THE KNIFE PARTY SERIES #2
Part 1 of 3
Summary: The beginning of an era. Not much else, though.
You might be wondering what the point of the "Part 1 of 3" at the top of the page is supposed to mean. You might know what it already means. Here's what it is supposed to mean: This is a trilogy of reviews that consist of all three of Knife Party's EPs. They are as follows: 100% No Modern Talking (2011), Rage Valley (2012), and Haunted House (2013).
Now for those who have read my exhausting review, or as I like to call it, an "autopsy", on Knife Party's debut album, Abandon Ship (The review can be found here), I mentioned that it was during the production of these three extended plays (EPs) that something went awry and Knife Party's quality of music downgraded dramatically. The purpose of this trilogy of reviews (Which is a tie-in to Abandon Ship) is to find out where Rob Swire and Gareth McGrillen fucked up.
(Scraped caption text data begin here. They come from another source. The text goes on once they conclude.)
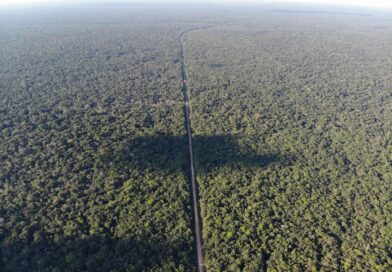 BR-319: governo federal aponta avanços para asfaltamento da rodovia no Amazonas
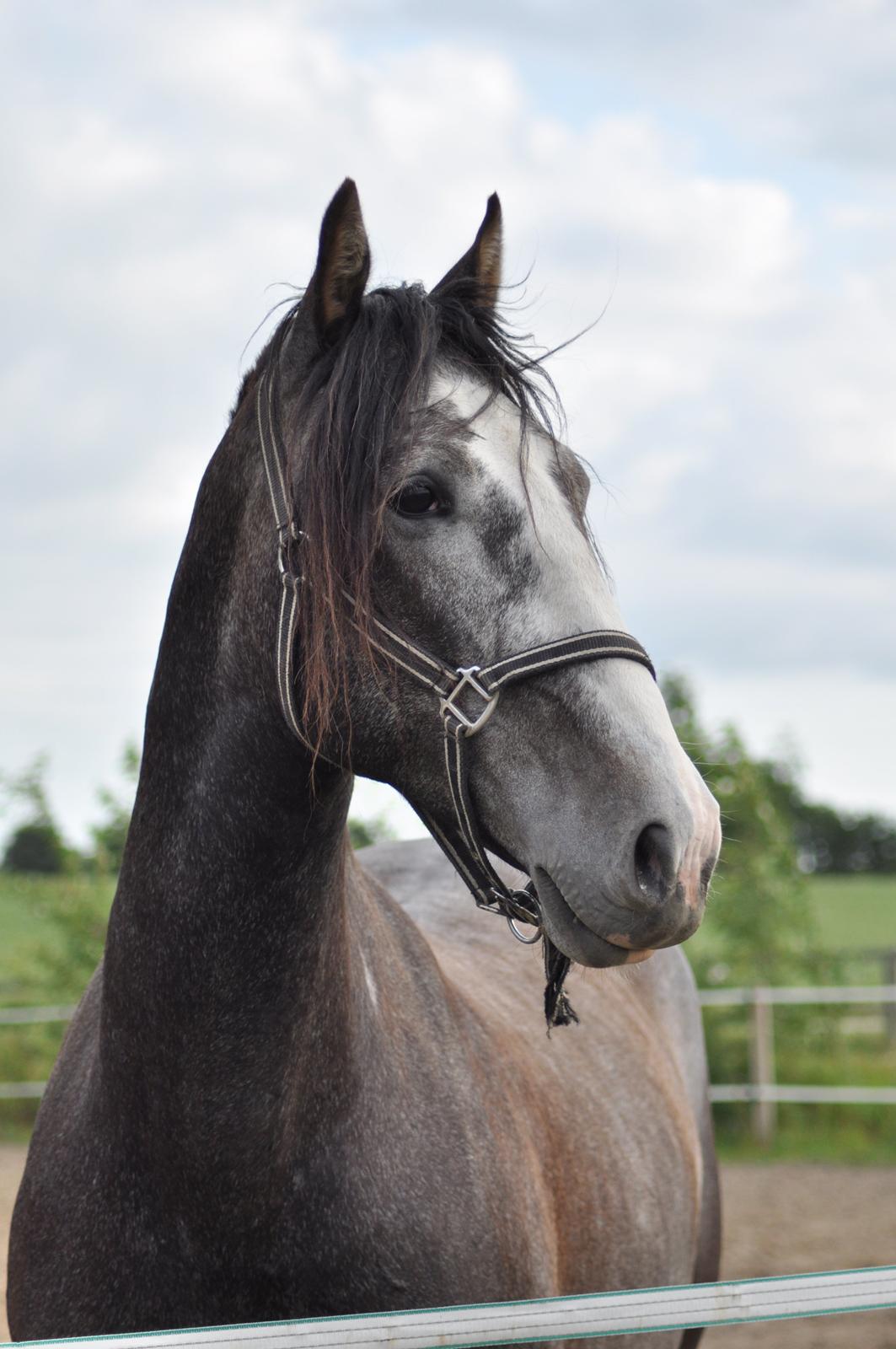 korsmosegård heste - Nagual  de cava 4 år tilsalg billede 1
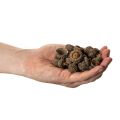 Naturliga ekollonhattar, dekorativa skålar för höst och advent, 2 cm, 300 g | Floristik24.se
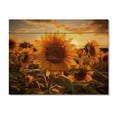 thumbnail image 3 of Designart "Yellow Sunflowers landscape Sunrise I" Floral Print on Natural Pine Wood, 3 of 5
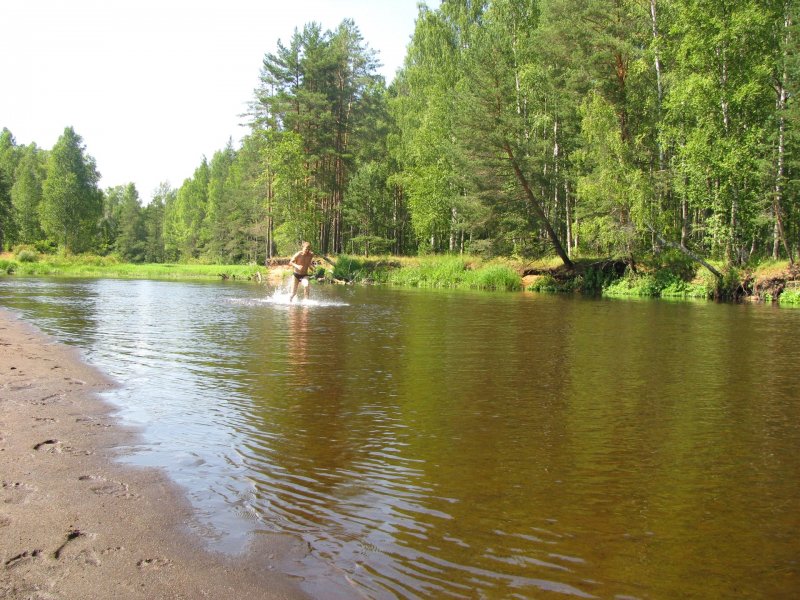 Река Мста в Маловишерском районе
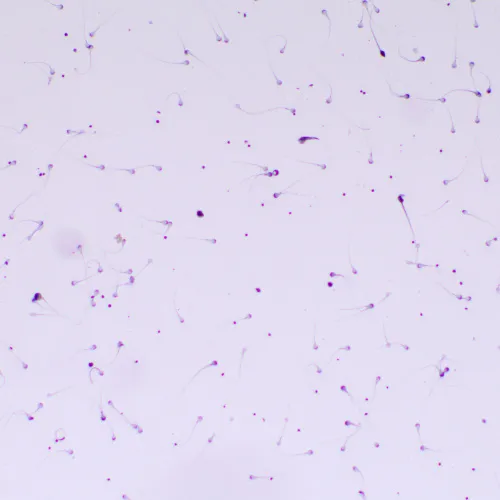 picture MAGUS Bio 260T Biological Microscope,  22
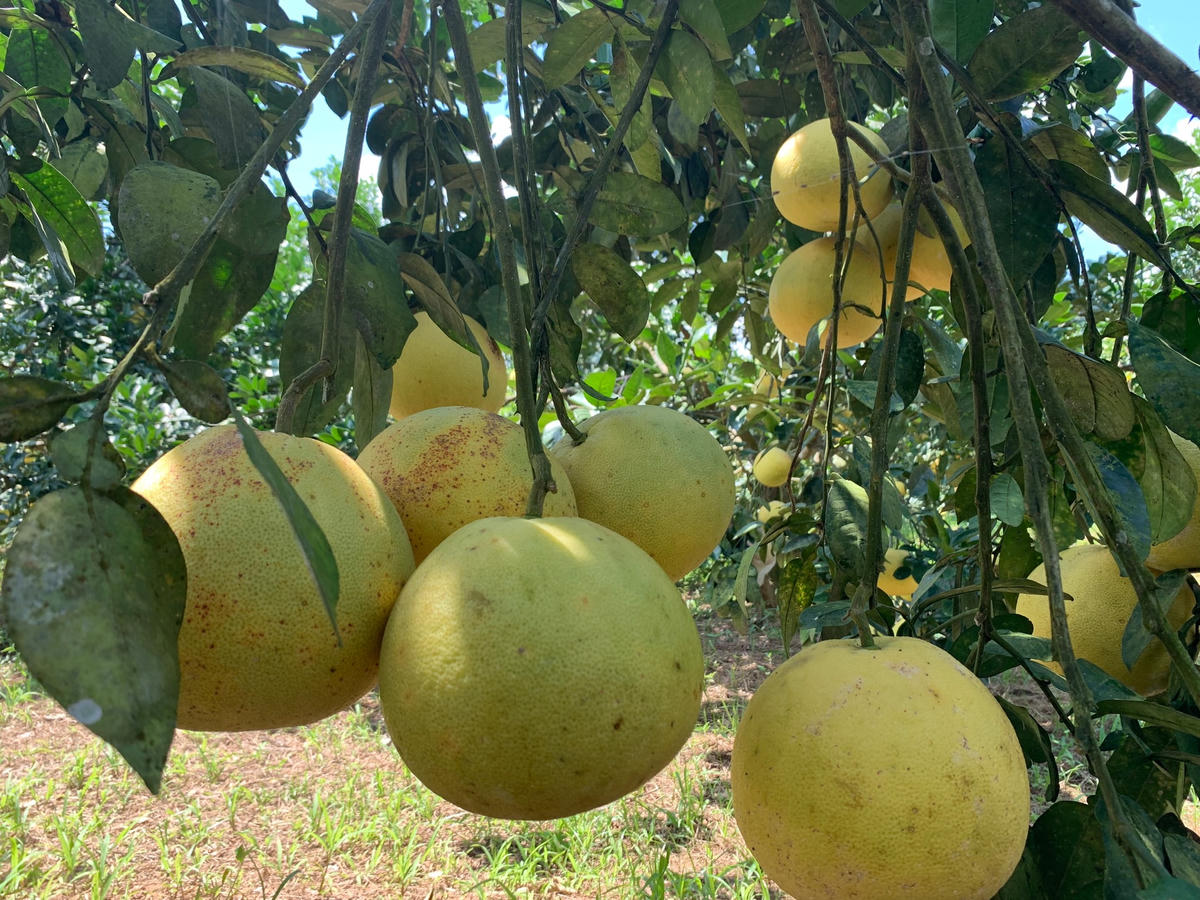 Những trái bưởi trĩu nặng chờ thu hoạch.
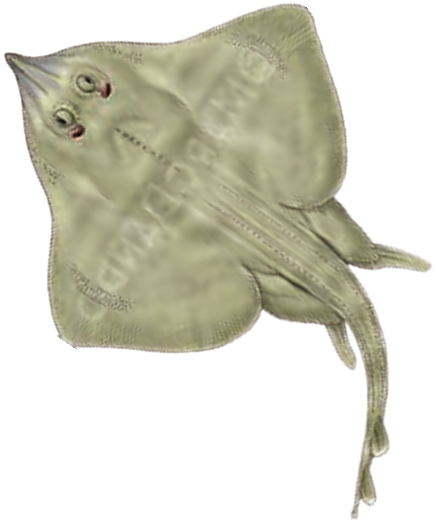 Illustration of the Shagreen Ray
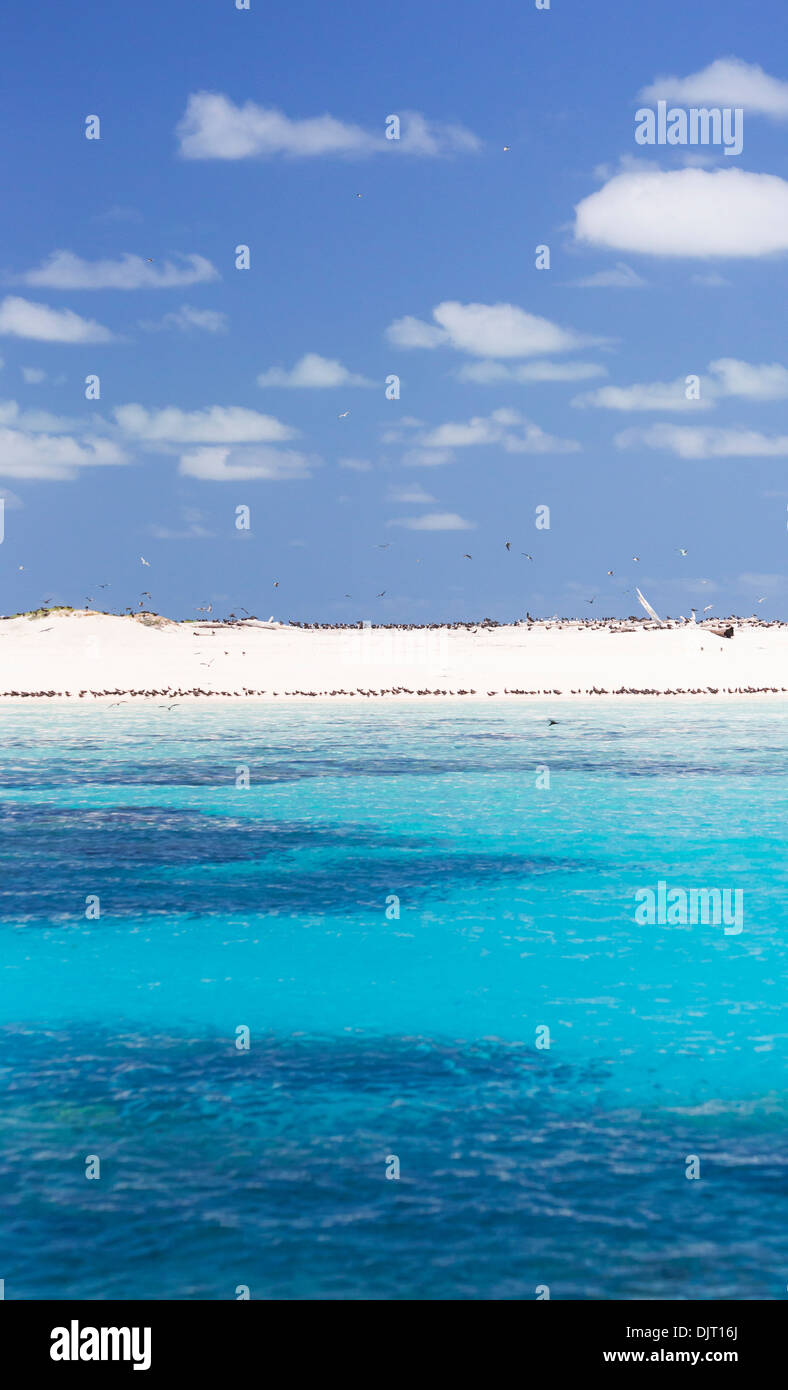 Seabirds on a beach at Michaelmas Cay, Great Barrier Reef, Australia Stock Photo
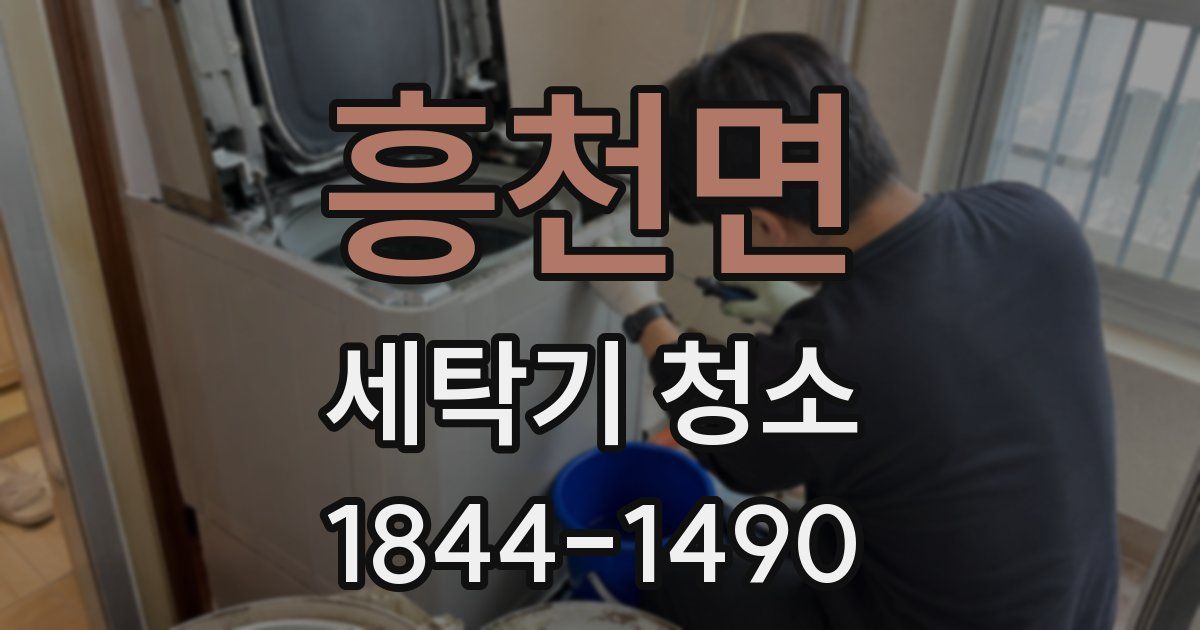 흥천면 세탁기 청소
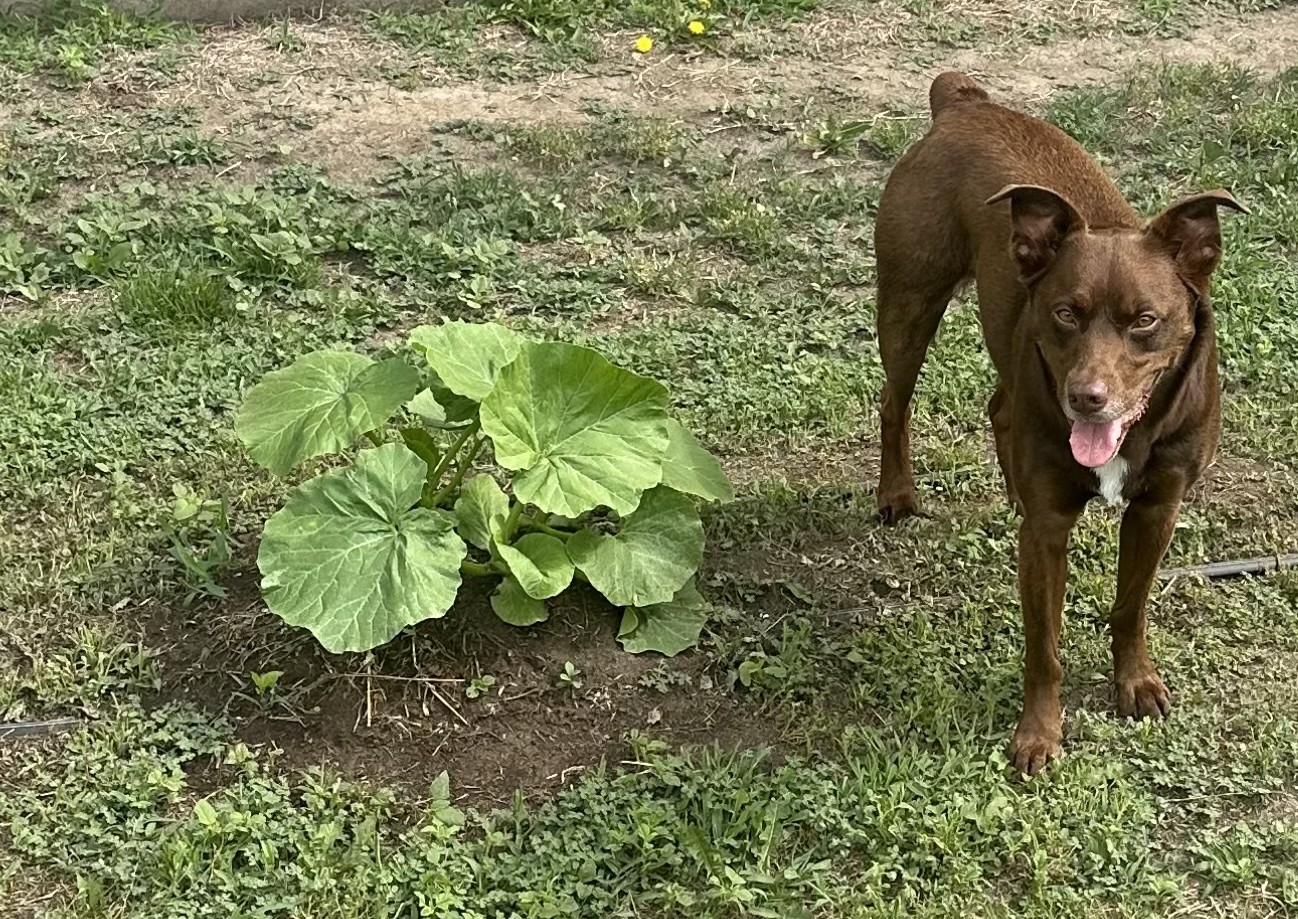 Pumpkin Patch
Now that I have the preliminaries out of the way, I am going to mention one last thing before I begin. I am not spoiling the rest of the review by saying that there are any "glimmers of hope" in any of these albums. We all know how that turned out. Anyways, let's begin.
1. Internet Friends (5:01) - OK, to be fair. I can see how the opening monologue can work into this song. I see it as Knife Party's interpretation of how people on the Internet can be at times. You have a certain group of people that you do not know who turn out to be psycho bitches who say they love you then think that you're cheating on them when you talk to another girl and ask for you to fuck them. When it gets to the point that you block them on social media, they start sending you death threats. Perfect social commentary for the Internet. As for the song itself, it proved to be a fan favorite with fans of Knife Party. The drop is actually good for the time, but looking at it over three years later, it looks like a newcomer to dubstep's first ever song. Even with that being said, it is a classic Knife Party song that no one can forget.
2. Destroy Them With Lazers (4:56) - I think we get our first signs of the degrading quality of Knife Party's production here. The song starts with at least 30-35 seconds of laser sound effects that continually get faster and faster until it reaches a set speed and a beat kicks in. Also, the drop in this song is unlike the drop in "Internet Friends". It has an annoying high-pitched sound that prevails throughout the entire drop, and believe me, it gets annoying after it plays over and over in your head a few times. During the bridge of the song, you hear this sound effect that sounds like a slimy substance, which could have been the premonition to the outro to the song "Centipede" off of Rage Valley. After this, we are treated to a nice melody before the drop kicks in and our ears are annoyed again. At least the song's title is true about the song itself. Knife Party is trying to destroy our ears and sanity with laser sound effects that serve no purpose.
3. Tourniquet (5:17) - This song shows an improvement over the previous one, but it's far from perfect. Sure, the melody and bassline of the song is tolerable to an extent, but it feels like the song repeats too much and should have been at least 3 minutes long, but Knife Party has somehow managed to stretch it out to 5 minutes. At least the song is electro house and is a turn in direction from the majority of this EP, which is mainly dubstep. Not really much to see here, but do not expect an amazing track with this one.
4. Fire Hive (4:38) - The final track on this EP has a MAJOR dubstep influence, so much so that it has the ability to work against Rob and Gareth. Also, as a little piece of trivia, the vocal sample in this song is a sample from an unfinished Pendulum song titled "The Program" which could be heard on Pendulum's Essential Mix for BBC Radio 1 in 2005 (That same track also gave us some of the vocals for Pendulum's massive hit "Tarantula"). After that vocal sample plays, we get a bass-heavy drop that sounds similar to an early Skrillex drop, which is something that you do not want. The song is good to an extent, but it could have used some work before it got released.
I feel like listening to EPs that are nearly 20 minutes long go on forever. This was one of those cases that went on forever and you felt like knocking yourself out just to get through it. So, there we have it. Knife Party's 100% No Modern Talking EP is an example of "early mainstream dubstep" and was released during the height of dubstep's massive popularity in North America, but when you listen to it 3 years later, all I hear is mediocre garbage mixed in with some great music. Not a good combo. Fucking. Hell.